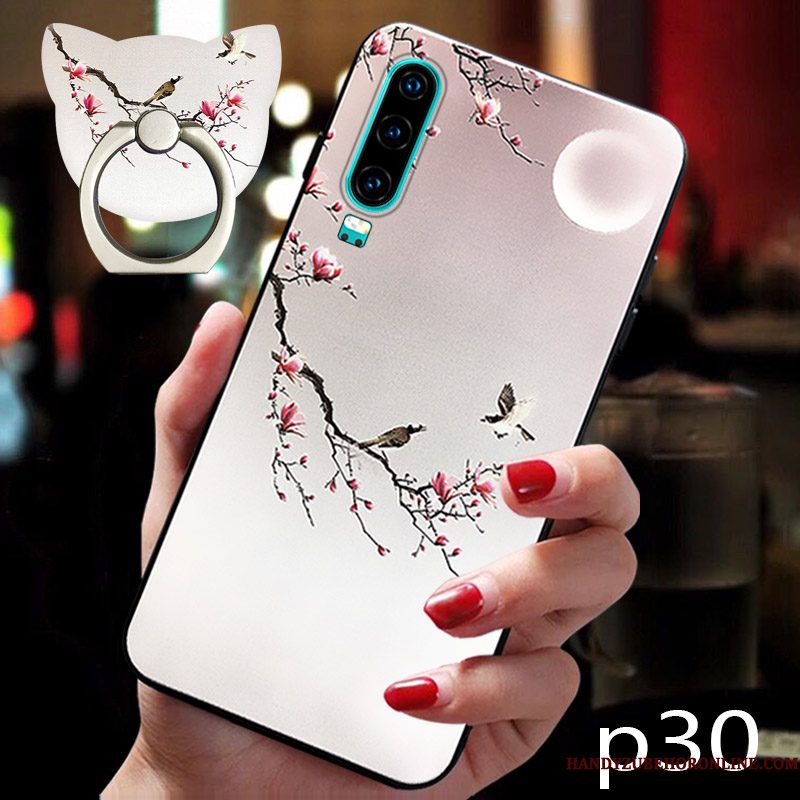 Hoesje Huawei P30 Vintage Trendy Merk Prunus, Hoes Huawei P30 Siliconen Telefoon Trend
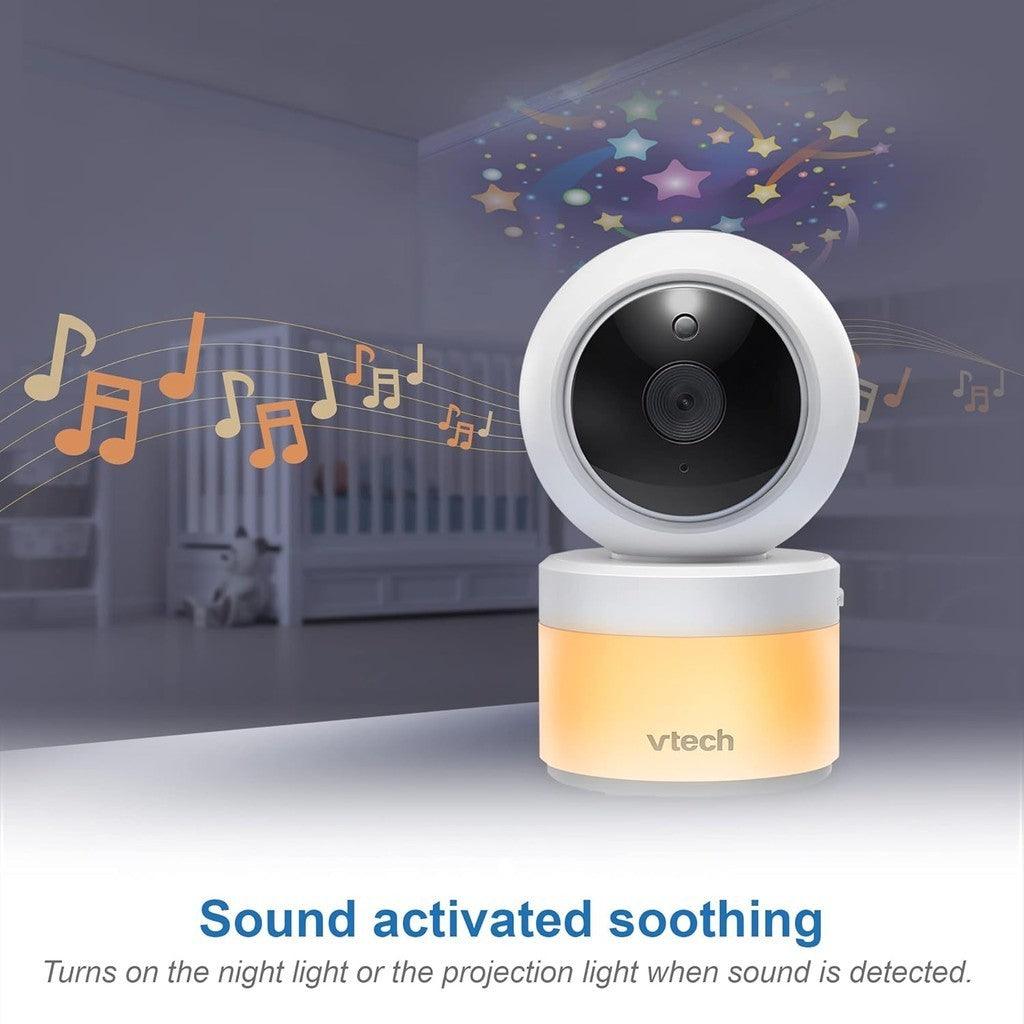 VTech Baby Monitor 5" Screen with 2 Cameras, Pan-Tilt- Zoom, Night Light, Glow On The Ceiling Projector, Two-Way Talk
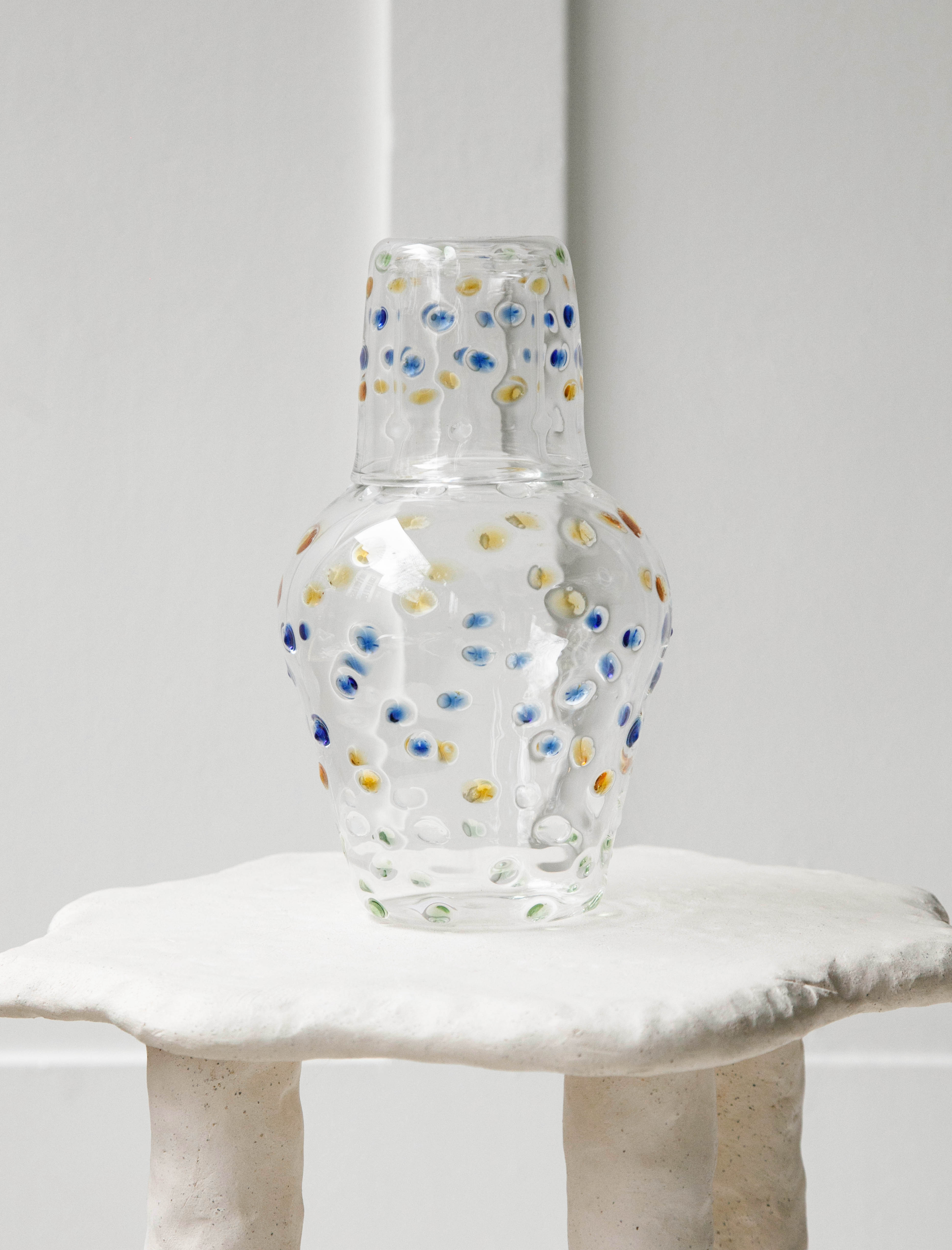 Gohar World Bedside Carafe Egyptian Glass Multi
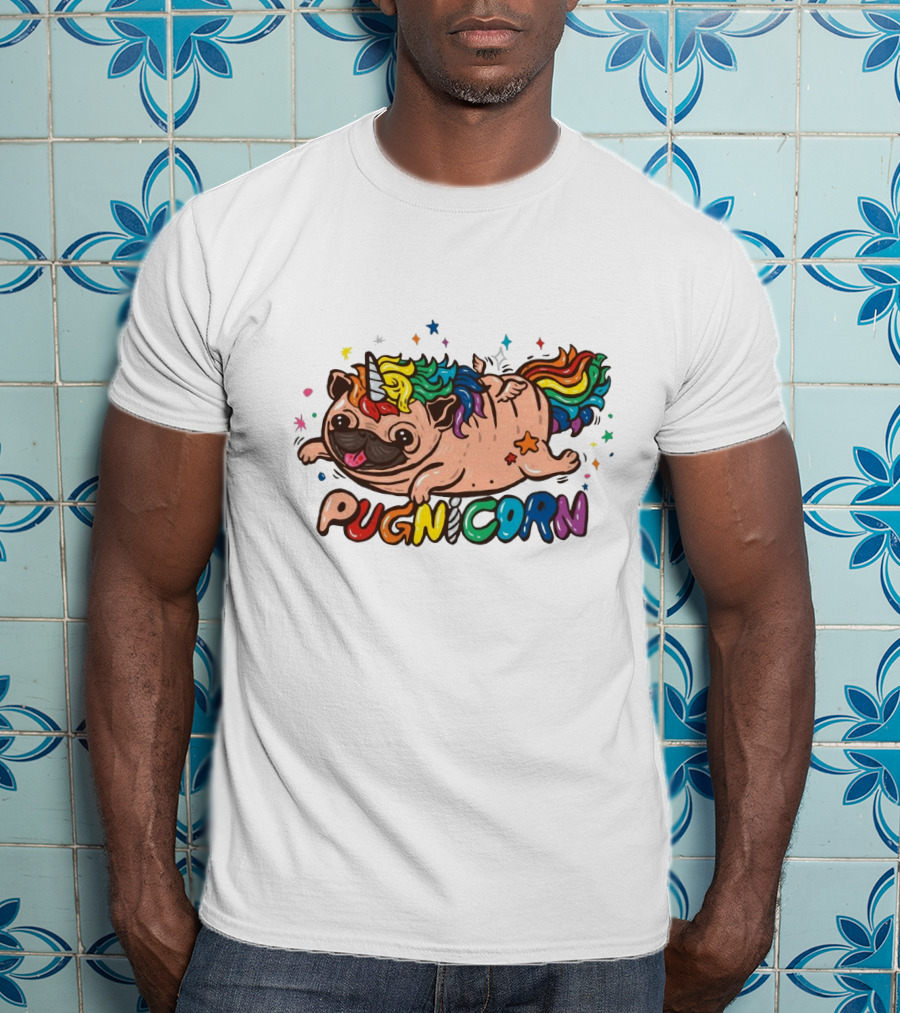 Pugnicorn Rainbow Unicorn Pug With Colorful Star Accents T-Shirt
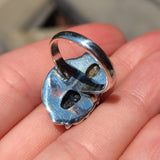 Southwest - Rough Green Apatite & Shungite 925 Ring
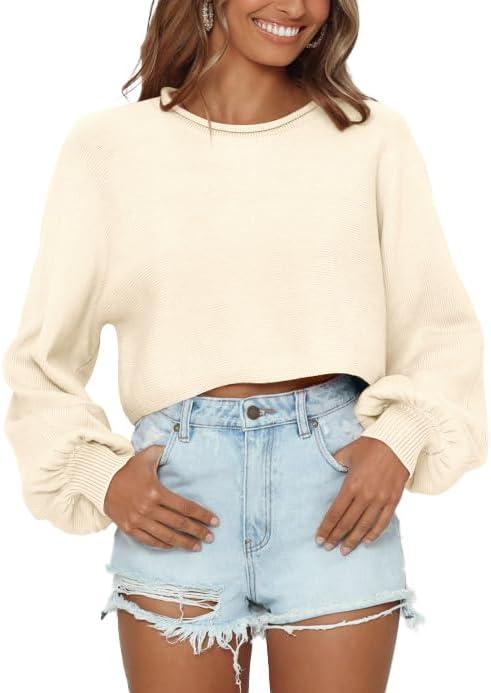Imily Bela Cropped Sweaters for Women Lantern Long Sleeve Crop Top Slouchy Trendy Loose Crewneck Pullover Sweater (L, Off-white)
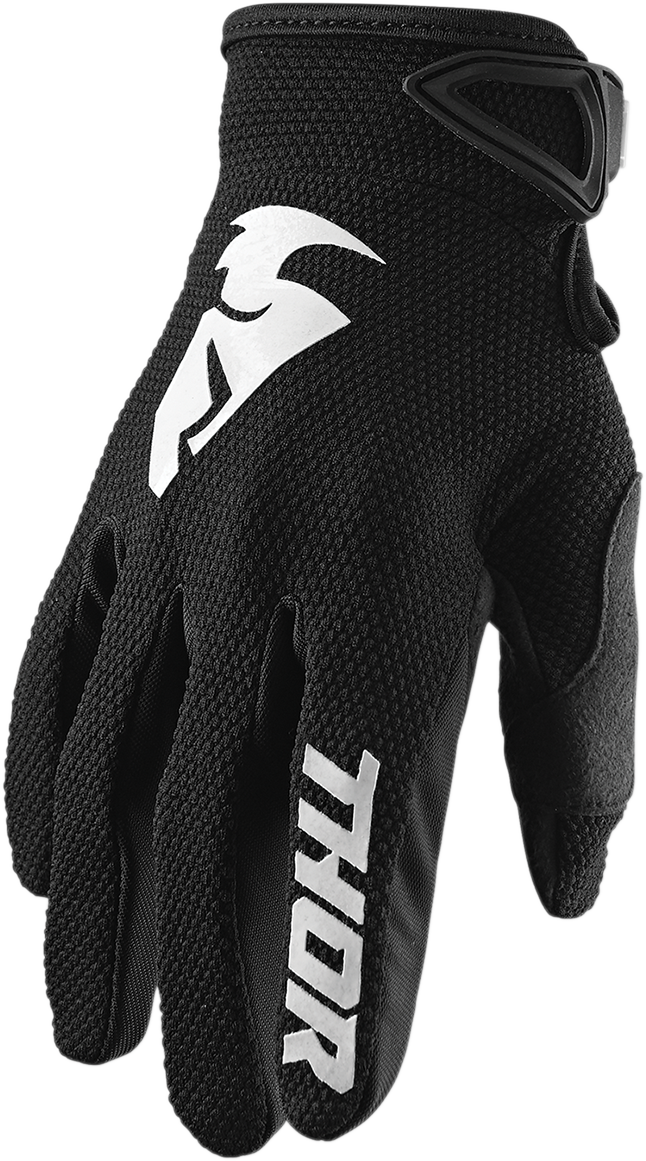 THOR Youth Sector Gloves - Black/White - Medium 3332-1514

********************

§ **EXERCISE**: With the pictures left out, give again exactly the lines from the one with "Pugnicorn Rainbow Unicorn" through the end of the data, both included.

§ **TASK OUTPUT**:
 Pugnicorn Rainbow Unicorn Pug With Colorful Star Accents T-Shirt
 Southwest - Rough Green Apatite & Shungite 925 Ring
Imily Bela Cropped Sweaters for Women Lantern Long Sleeve Crop Top Slouchy Trendy Loose Crewneck Pullover Sweater (L, Off-white)
 THOR Youth Sector Gloves - Black/White - Medium 3332-1514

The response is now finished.